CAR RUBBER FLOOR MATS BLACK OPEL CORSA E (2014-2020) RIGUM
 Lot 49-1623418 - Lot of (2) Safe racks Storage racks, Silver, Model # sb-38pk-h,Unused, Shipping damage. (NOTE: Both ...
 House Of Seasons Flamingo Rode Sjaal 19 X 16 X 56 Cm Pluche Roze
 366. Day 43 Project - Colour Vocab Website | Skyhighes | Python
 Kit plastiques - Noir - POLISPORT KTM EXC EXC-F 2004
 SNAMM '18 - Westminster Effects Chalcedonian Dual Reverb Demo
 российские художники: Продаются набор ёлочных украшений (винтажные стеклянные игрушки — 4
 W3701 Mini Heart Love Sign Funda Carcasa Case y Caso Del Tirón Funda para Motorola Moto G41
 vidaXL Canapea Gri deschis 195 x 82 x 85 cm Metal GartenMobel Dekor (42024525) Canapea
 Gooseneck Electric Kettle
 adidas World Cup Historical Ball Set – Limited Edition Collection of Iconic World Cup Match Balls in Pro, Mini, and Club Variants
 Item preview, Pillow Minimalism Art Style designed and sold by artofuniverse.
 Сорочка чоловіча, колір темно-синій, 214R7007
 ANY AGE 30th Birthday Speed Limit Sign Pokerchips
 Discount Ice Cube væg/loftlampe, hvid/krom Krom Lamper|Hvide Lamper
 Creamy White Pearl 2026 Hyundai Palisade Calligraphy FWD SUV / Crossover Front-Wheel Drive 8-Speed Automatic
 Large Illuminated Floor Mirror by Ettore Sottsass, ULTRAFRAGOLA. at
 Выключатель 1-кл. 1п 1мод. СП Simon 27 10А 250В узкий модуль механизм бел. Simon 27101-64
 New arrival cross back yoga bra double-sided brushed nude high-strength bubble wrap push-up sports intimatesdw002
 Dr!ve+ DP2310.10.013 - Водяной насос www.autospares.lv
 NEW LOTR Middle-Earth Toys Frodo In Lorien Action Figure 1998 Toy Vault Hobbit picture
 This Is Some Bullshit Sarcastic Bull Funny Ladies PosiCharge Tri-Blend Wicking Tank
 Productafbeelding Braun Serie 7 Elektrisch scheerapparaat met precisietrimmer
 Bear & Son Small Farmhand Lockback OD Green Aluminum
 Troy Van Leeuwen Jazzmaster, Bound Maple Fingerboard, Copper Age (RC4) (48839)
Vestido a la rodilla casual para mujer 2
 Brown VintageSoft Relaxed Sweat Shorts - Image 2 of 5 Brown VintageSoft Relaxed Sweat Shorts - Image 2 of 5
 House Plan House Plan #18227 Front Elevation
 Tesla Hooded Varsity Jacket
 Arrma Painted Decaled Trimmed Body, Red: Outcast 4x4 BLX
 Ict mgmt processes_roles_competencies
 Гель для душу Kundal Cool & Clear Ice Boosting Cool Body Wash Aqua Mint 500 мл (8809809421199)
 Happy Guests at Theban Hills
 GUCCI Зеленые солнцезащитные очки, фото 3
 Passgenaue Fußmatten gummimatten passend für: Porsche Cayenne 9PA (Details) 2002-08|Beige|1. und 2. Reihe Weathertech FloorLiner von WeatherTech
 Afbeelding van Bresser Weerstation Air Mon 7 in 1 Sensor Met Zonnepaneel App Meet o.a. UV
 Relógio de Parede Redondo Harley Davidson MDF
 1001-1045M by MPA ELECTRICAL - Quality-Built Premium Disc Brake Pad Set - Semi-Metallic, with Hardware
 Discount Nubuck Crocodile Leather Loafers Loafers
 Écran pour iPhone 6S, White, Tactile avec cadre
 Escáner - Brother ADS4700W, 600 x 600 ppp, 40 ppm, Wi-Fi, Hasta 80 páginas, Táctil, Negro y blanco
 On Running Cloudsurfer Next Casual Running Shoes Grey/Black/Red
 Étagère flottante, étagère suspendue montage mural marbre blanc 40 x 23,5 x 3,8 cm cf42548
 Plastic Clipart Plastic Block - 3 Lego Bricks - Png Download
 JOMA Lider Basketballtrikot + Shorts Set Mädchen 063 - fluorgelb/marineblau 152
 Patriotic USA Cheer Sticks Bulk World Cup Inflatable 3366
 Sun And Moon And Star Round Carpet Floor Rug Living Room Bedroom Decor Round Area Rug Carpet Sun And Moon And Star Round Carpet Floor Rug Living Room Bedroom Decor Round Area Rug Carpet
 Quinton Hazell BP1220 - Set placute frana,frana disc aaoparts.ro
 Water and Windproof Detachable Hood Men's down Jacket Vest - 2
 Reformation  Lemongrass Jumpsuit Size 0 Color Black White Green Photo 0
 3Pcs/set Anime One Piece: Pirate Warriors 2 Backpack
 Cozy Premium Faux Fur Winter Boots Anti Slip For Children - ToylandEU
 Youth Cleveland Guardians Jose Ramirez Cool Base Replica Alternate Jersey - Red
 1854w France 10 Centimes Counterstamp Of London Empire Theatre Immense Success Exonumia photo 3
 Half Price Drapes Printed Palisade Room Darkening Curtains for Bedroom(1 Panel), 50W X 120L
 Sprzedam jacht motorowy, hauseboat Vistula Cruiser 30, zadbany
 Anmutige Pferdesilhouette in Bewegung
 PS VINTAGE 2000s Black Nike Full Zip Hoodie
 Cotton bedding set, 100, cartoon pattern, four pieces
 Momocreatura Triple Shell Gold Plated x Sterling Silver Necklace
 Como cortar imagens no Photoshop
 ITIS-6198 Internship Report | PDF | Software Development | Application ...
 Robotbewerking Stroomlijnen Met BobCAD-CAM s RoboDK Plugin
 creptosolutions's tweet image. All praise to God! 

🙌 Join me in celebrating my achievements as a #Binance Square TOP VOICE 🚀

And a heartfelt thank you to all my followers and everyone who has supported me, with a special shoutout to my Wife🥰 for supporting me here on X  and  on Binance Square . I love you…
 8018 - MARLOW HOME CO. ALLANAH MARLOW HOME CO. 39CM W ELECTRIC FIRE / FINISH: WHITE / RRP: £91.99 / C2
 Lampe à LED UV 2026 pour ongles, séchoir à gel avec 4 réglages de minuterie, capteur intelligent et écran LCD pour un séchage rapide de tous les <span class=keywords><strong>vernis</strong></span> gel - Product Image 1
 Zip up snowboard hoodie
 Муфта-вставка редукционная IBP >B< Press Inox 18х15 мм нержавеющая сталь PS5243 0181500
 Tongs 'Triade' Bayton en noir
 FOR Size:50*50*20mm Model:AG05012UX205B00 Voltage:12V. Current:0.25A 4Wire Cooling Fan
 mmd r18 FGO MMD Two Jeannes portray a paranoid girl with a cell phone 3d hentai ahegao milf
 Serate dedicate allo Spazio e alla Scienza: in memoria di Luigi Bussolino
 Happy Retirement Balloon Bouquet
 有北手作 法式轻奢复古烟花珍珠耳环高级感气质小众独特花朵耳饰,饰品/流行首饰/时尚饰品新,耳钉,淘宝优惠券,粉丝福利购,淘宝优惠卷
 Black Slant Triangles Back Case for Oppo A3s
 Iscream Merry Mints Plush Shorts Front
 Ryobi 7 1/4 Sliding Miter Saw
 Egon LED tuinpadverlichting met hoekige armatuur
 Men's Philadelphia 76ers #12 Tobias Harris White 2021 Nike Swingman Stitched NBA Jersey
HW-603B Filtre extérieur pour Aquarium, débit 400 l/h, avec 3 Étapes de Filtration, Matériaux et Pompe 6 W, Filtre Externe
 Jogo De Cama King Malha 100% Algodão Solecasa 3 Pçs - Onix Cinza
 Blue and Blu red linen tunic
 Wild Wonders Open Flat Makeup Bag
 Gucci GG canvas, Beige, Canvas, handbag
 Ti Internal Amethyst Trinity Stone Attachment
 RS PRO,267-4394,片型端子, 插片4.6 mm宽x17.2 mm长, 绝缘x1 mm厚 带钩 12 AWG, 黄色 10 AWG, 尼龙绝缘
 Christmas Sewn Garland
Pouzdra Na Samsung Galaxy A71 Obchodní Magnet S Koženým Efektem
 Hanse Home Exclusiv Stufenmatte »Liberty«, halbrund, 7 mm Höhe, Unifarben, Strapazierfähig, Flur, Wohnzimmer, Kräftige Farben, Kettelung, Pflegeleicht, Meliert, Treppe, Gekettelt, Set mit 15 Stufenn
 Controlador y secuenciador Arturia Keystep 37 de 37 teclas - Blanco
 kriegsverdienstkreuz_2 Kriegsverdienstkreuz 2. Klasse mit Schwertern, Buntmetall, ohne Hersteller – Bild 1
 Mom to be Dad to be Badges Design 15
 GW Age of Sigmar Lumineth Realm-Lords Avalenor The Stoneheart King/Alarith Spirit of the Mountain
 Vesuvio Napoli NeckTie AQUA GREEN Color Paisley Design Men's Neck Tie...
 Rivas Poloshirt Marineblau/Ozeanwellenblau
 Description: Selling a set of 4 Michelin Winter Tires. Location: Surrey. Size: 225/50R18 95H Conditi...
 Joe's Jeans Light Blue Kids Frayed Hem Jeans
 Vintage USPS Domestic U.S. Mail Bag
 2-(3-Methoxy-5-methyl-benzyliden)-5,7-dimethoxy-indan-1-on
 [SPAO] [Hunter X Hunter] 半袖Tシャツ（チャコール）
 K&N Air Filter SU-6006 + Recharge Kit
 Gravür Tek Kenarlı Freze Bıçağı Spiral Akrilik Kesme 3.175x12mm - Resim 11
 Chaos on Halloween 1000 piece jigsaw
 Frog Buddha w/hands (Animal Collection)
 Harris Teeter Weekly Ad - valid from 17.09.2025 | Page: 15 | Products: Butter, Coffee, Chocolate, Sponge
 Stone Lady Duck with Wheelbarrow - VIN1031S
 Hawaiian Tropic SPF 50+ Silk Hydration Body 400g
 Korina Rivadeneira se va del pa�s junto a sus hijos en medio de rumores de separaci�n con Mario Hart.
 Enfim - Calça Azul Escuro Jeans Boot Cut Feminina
◆ ◆ ◆ ◆ ◆
(Directions)
Please give back only the lines between the first line of the entries and the line with "Troy Van Leeuwen", both ends included, word for word.

(Task solution)
CAR RUBBER FLOOR MATS BLACK OPEL CORSA E (2014-2020) RIGUM
 Lot 49-1623418 - Lot of (2) Safe racks Storage racks, Silver, Model # sb-38pk-h,Unused, Shipping damage. (NOTE: Both ...
 House Of Seasons Flamingo Rode Sjaal 19 X 16 X 56 Cm Pluche Roze
 366. Day 43 Project - Colour Vocab Website | Skyhighes | Python
 Kit plastiques - Noir - POLISPORT KTM EXC EXC-F 2004
 SNAMM '18 - Westminster Effects Chalcedonian Dual Reverb Demo
 российские художники: Продаются набор ёлочных украшений (винтажные стеклянные игрушки — 4
 W3701 Mini Heart Love Sign Funda Carcasa Case y Caso Del Tirón Funda para Motorola Moto G41
 vidaXL Canapea Gri deschis 195 x 82 x 85 cm Metal GartenMobel Dekor (42024525) Canapea
 Gooseneck Electric Kettle
 adidas World Cup Historical Ball Set – Limited Edition Collection of Iconic World Cup Match Balls in Pro, Mini, and Club Variants
 Item preview, Pillow Minimalism Art Style designed and sold by artofuniverse.
 Сорочка чоловіча, колір темно-синій, 214R7007
 ANY AGE 30th Birthday Speed Limit Sign Pokerchips
 Discount Ice Cube væg/loftlampe, hvid/krom Krom Lamper|Hvide Lamper
 Creamy White Pearl 2026 Hyundai Palisade Calligraphy FWD SUV / Crossover Front-Wheel Drive 8-Speed Automatic
 Large Illuminated Floor Mirror by Ettore Sottsass, ULTRAFRAGOLA. at
 Выключатель 1-кл. 1п 1мод. СП Simon 27 10А 250В узкий модуль механизм бел. Simon 27101-64
 New arrival cross back yoga bra double-sided brushed nude high-strength bubble wrap push-up sports intimatesdw002
 Dr!ve+ DP2310.10.013 - Водяной насос www.autospares.lv
 NEW LOTR Middle-Earth Toys Frodo In Lorien Action Figure 1998 Toy Vault Hobbit picture
 This Is Some Bullshit Sarcastic Bull Funny Ladies PosiCharge Tri-Blend Wicking Tank
 Productafbeelding Braun Serie 7 Elektrisch scheerapparaat met precisietrimmer
 Bear & Son Small Farmhand Lockback OD Green Aluminum
 Troy Van Leeuwen Jazzmaster, Bound Maple Fingerboard, Copper Age (RC4) (48839)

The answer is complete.